Für die Zentralbanker spielte vor allem die Gefahr der zunehmenden Inflation eine Rolle. Im europäischen Durchschnitt lag sie im September zwar nur bei 2,1 Prozent, doch die Überschreitung des zulässigen Haushaltsdefizits in Portugal, Deutschland und Frankreich stimmt die Währungshüter nicht gerade optimistisch darin, dass den Regierungen die Geldwertstabilität am Herzen liegt. Außerdem befürchtet die EZB steigende Ölpreise infolge des möglichen Irakkrieges. Die Stabilität des Euros zu gewährleisten ist das oberste Ziel der Zentralbank.

Die EZB war unter Druck geraten, die Zinsen kurzfristig zu senken, weil die US-Notenbank Fed sich einen Tag zuvor zu diesem Schritt entschlossen hatte. Fed-Präsident Alan Greenspan reduzierte die US-Leitzinsen am Mittwoch Abend um 0,5 auf 1,25 Prozent. Dies ist der niedrigste Stand seit 41 Jahren. Die Fed hat die Kosten des Geldes seit Anfang 2001 nun insgesamt zwölfmal gesenkt. Am Ende des Booms der New Economy lag der Zinssatz noch bei 6,5 Prozent.

Die neuerliche Zinssenkung in den USA begründete die Notenbank mit der nach wie vor unbefriedigenden Wirtschaftslage.

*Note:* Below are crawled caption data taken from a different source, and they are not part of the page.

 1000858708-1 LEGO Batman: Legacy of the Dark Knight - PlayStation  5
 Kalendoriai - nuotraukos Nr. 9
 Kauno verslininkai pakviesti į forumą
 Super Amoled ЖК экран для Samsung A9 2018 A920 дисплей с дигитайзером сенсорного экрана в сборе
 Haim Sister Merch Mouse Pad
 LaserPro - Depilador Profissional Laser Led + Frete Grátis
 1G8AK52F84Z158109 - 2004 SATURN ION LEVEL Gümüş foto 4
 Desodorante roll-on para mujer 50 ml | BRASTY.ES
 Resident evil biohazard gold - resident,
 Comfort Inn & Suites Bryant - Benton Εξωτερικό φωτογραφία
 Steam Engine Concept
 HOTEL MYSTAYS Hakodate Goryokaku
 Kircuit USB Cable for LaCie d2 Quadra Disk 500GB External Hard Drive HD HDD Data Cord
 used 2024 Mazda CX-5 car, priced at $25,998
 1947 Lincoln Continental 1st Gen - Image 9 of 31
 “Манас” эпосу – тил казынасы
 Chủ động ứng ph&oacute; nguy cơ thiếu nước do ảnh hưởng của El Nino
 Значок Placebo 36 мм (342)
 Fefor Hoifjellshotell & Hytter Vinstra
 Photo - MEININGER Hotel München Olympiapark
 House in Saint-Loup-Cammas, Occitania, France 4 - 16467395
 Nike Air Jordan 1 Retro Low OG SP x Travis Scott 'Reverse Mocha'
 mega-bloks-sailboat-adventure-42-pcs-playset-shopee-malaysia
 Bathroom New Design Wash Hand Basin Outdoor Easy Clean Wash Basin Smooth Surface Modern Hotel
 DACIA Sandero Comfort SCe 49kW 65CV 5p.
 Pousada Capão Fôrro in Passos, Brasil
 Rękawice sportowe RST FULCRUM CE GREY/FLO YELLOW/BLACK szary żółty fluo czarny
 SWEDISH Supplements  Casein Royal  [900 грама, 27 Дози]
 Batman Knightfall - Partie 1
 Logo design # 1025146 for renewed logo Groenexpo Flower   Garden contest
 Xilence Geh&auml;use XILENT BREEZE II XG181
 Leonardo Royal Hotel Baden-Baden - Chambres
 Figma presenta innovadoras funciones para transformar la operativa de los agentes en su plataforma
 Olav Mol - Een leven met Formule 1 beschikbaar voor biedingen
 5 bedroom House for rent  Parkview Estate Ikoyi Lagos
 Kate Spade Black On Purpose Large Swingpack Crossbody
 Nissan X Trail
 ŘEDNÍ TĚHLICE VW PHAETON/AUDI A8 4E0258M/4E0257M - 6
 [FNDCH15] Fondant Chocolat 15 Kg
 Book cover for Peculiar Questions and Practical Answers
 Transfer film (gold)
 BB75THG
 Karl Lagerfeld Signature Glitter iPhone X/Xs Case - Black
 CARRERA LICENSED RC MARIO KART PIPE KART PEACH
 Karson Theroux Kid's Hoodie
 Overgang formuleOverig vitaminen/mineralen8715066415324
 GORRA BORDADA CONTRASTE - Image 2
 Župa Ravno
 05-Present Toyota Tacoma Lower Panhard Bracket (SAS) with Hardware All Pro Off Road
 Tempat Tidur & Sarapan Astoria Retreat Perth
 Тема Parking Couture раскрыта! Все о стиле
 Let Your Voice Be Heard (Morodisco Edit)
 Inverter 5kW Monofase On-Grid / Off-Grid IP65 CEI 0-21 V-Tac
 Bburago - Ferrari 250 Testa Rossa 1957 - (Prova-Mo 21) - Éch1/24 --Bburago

Umfragen zufolge geht das Vertrauen der Konsumenten in die ökonomische Zukunft zurück. Im Zuge des Börsencrashs der vergangenen zwei Jahre und der 11.-September-Depression waren es die privaten Verbraucher, die mit ungebremster Kauffreude die US-Wirtschaft einigermaßen am Leben gehalten hatten. Außerdem steigt gegenwärtig die Arbeitslosenquote, zuletzt auf 5,7 Prozent. Das Wirtschaftswachstum schwankt stark und liegt 2002 zwischen 2 und 3 Prozent. Als bedrohlich betrachtet die US-Notenbank auch die Gefahr eines Irakkrieges, der die Öleinfuhren verteuern und damit die Wirtschaft bremsen würde.

Nach der Entscheidung der EZB sackte der Wert des Euro unter 1 Dollar. Dann zog die europäische Währung wieder auf über 1 Dollar an. Der Deutsche Aktienindex (DAX) gab kräftig nach: Bis gestern Nachmittag fiel er um 3,02 Prozent. Zwischen schwächelnder Konjunktur, steigendem Haushaltsdefizit, Sparen und Streichen wird sich die rot-grüne Regierung also erst einmal weiter hindurchwursteln. Bis nächste Woche die – vermutlich – desaströse Steuerschätzung kommt. Dann stehen alle bisherigen Zahlen wieder in Frage.